Check the following things before diving into a deeper analysis and attempting to change ranking parameters.
Are pages missing from the index?
One of the most common cause of ranking problems is pages missing from the index. This can occur for a range of reasons such as:
-
misconfigured crawler include or exclude patterns,
-
robots.txt
and metadata directives preventing pages from being crawled or indexed, -
discontinuities in the crawl path (e.g. JavaScript links),
-
authenticated pages/sites,
-
filter errors (e.g. password protected PDF documents), and
-
crawler configuration heuristics limiting the crawl (e.g. maximum link distance, URL length, pages per directory).
See: search results is missing a particular URL for a comprehensive guide on troubleshooting missing URLs.
Is there a lot of useless content in the index?
The search results can only be as good as the content that is included within the index. If there is too much noise in the search index then the result quality will drop. A good technique that can improve ranking is to ensure that only suitable content is included within the search index.
-
Add crawler exclude patterns or robots directives to eliminate low quality search results. Low quality content can include things like dynamically generated calendars, outdated manuals, and category listing pages.
-
Sometimes organizations such as universities have authenticated sub-sites that need to be found in their website public search so that users can find the login page. In these cases, it’s best to add either an unauthenticated landing page or a curation to help users find the login page.
-
Define canonical URLs in your web content to ensure pages are stored with the correct URLs and eliminate potential duplicate content.
-
Use Funnelback noindex tags in your website templates to hide non-content parts of web pages (such as the header/footer and site navigation).
Use synonyms, curator and query blending to improve your ranking
There’s often a difference between the words a user knows, and the words you use in your content. Use tools such as synonyms to overcome these language barriers.
-
Add synonyms for any searches that are failing due to mismatches in terminology (e.g. jobs, careers, employment).
-
Add curations for any searches that don’t have content in the index. E.g. a bank that doesn’t offer total and permanent disability insurance might want to direct users to their employment insurance product (which may lie outside of the search index).
-
Using Funnelback query blending feature to fix mismatches in US vs. UK spelling.
Use of non-default ranking settings
Another cause of ranking problems is the existence of ranking settings that have been set incorrectly, or set on an earlier Funnelback version and that are no longer optimal for your version.
Ranking is configured using query processor options, which can either be set as a configuration setting (query_processor_options
) and/or done through CGI parameters in the HTML search form itself.

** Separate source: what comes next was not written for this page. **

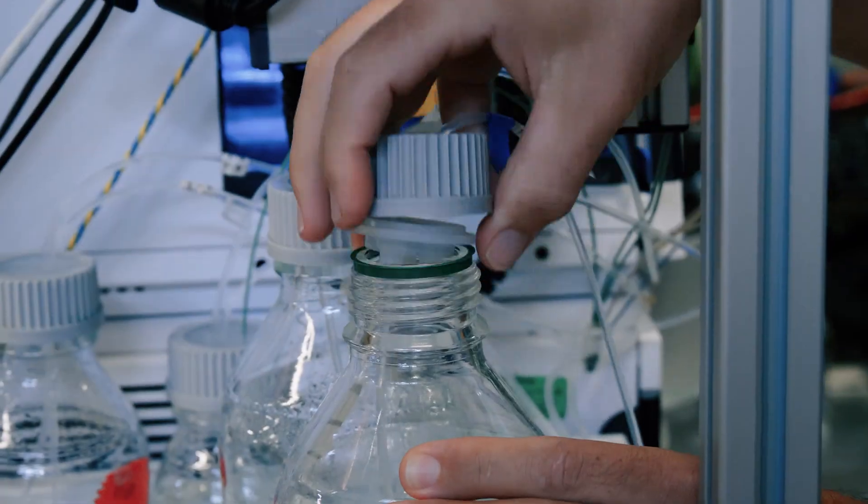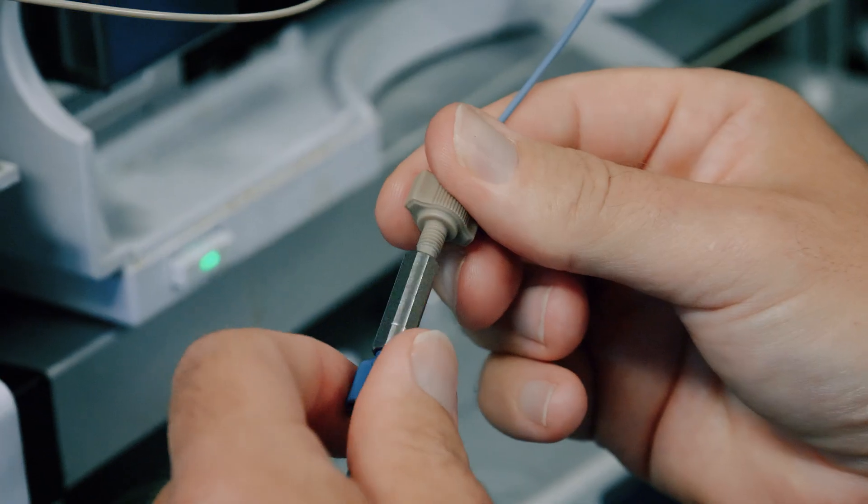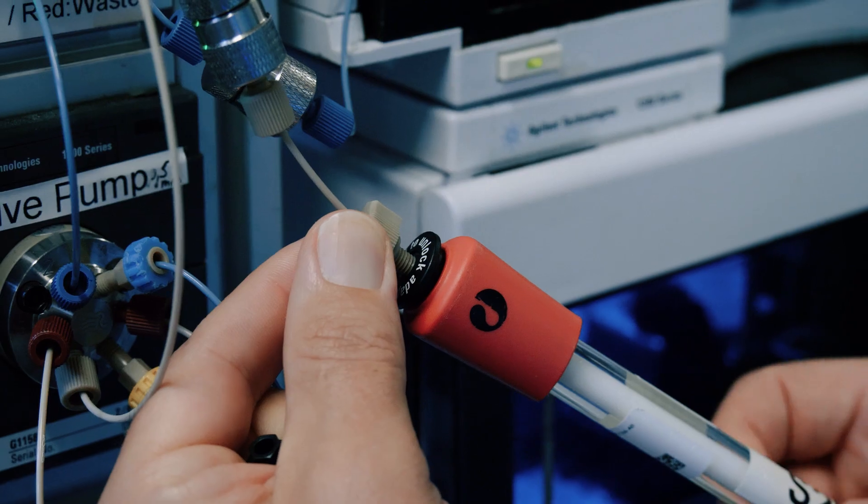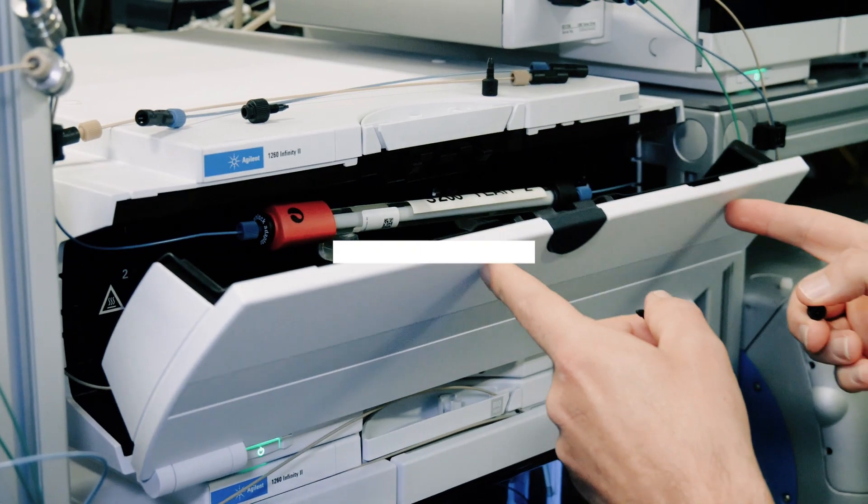How to perform a purge on the HPLC system and connect SEC columns.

Check the query processor options for any ranking related settings that indicate a non-default ranking configuration is in use. If you find any such settings, it might be worth checking whether the default ranking (i.e. all query processor options removed) improves search quality. A common custom ranking setting to look for is Same-Site Suppression (SSS), which shows search results over a broad range of website paths rather than search results all from the same path.

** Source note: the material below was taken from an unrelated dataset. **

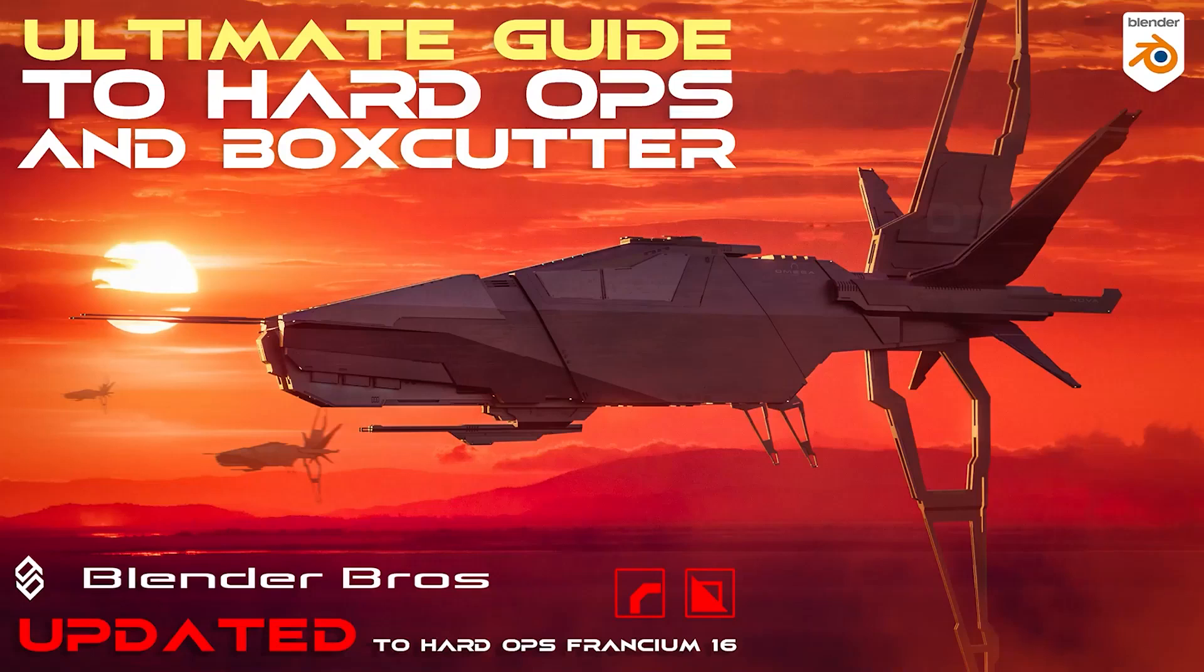Hey guys, big announcement today. We have completely revamped our Ultimate Guide to Hard Ops and Box Cutter course.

User click feedback misconfiguration
Funnelback’s click feedback system ensures the ranking system continues to improve with each search. If ranking appears to be suboptimal, it could be that click feedback is not operating correctly. This generally happens due to one of these conditions:
-
The search results are not using the click links.
-
Click feedback is disabled. Check that the ‘click_tracking’ setting in the results page configuration is not set to ‘false’ (it is enabled by default).
-
A misconfiguration in the click feedback settings. Check the configuration for
click_data.week_limit
,click_data.num_archived_logs_to_use
, and click_data_archive_dirs_collection_cfg
settings.
Once click feedback is enabled, it will generally require a couple of months of search traffic to learn the optimal ranking.
See: using click data to improve rankings for further information.